Après Droits et Démocratie, Développement et Paix ?

2012/11/29 | Par Dominique Boisvert

Aux membres du Conseil national de Développement et Paix

La longue lettre par laquelle Michel Beaudin annonce sa démission du comité de théologie de Développement et Paix fournit de très importantes « pièces au dossier », particulièrement concernant la manière opaque et autocratique avec laquelle toute la crise a été, sinon « créée », du moins « gérée » par la Direction générale de Développement et Paix.

Et d'une manière très nuancée, il propose les conditions minimales nécessaires pour que cette crise très grave ne se révèle pas tout simplement fatale pour l'organisme: reprise en main de l'initiative (et du pouvoir selon la Charte de l'organisme lui-même) par l’ensemble du Conseil national (et non pas par son exécutif, et encore moins par son président); et renvoi du Directeur général actuel et de son adjointe, dont la gestion de la crise les disqualifie clairement et définitivement.

Nous avons un exemple précis et récent des conséquences d'une crise mal gérée: la disparition pure et simple de l'organisme canadien « Droits et démocratie », qui avait pourtant longtemps été un objet de fierté pour le Canada au niveau de sa présence internationale non gouvernementale, et qui, malgré cela, en quelques années à peine, a été totalement torpillé par les décisions politiques du gouvernement Harper (dans ce cas, centrées particulièrement sur la question Israël-Palestine).

Nous assistons ici à un processus similaire (malgré des différences liées à la nature catholique de l'organisme) avec la crise à Développement et Paix: prenant principalement prétexte de la question « avortement-pro-vie », le gouvernement Harper et la CECC (la responsabilité respective de chacun restant à déterminer) ont décidé une reprise en main de l'organisme qui ressemble, à plusieurs égards, à la tentative de reprise en main de Droits et démocratie. Avec le résultat que l'on sait.

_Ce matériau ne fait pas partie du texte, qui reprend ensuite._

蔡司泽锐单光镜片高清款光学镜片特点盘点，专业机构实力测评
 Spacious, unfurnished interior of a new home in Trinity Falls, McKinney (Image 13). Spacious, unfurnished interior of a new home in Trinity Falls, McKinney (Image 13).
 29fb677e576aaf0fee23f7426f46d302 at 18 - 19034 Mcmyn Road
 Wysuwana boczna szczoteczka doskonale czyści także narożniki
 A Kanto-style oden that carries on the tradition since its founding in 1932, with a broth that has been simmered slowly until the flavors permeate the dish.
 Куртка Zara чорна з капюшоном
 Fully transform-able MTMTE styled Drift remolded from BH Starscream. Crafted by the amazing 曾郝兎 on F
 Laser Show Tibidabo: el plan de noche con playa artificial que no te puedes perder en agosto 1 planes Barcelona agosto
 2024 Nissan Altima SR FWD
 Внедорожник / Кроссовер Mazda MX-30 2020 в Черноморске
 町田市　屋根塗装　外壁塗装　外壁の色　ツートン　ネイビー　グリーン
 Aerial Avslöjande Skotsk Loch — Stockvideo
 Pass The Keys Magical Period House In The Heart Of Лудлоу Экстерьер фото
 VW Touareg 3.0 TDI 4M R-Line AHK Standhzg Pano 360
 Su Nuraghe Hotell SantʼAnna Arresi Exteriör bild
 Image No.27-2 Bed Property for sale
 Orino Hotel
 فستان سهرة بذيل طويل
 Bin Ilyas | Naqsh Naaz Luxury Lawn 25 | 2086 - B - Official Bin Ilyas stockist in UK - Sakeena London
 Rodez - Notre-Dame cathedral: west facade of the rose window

Certes, le gouvernement Harper ne peut pas, de lui-même, abolir Développement et Paix comme il a aboli Droits et démocratie. Mais il a déjà fait sa part, grâce à la coupure majeure des fonds de l'ACDI à l'organisme et à la réorientation de plus en plus claire de sa politique de « développement » à l'étranger.

Et les évêques de la CECC, sous la pression conjuguée de Rome à l'interne et d'Ottawa à l'externe, semblent bien « plier » sous la pression, à moins qu'ils n'acquiescent eux-mêmes à ces nouvelles orientations imposées. Mais dans tous les cas, l'avenir, l'originalité et la vitalité de l'organisme sont très sérieusement en péril.

Si l'existence même de Développement et Paix n'est pas encore menacée dans l'immédiat, sa mission et son orientation des 45 dernières années le sont dangereusement. Et avec elles, l'appui d'une portion probablement significative de Canadiens et de Canadiennes, catholiques ou non, qui se reconnaissaient jusqu'ici dans le travail de l'organisme.

À moins d'un virage radical, lucide et courageux opéré par le Conseil national de la fin de semaine prochaine, j'ai bien peur qu'à moyen terme, d'ici quatre à cinq ans, Développement et Paix ne connaisse, de facto, le même sort, a priori totalement impensable, que Droits et démocratie.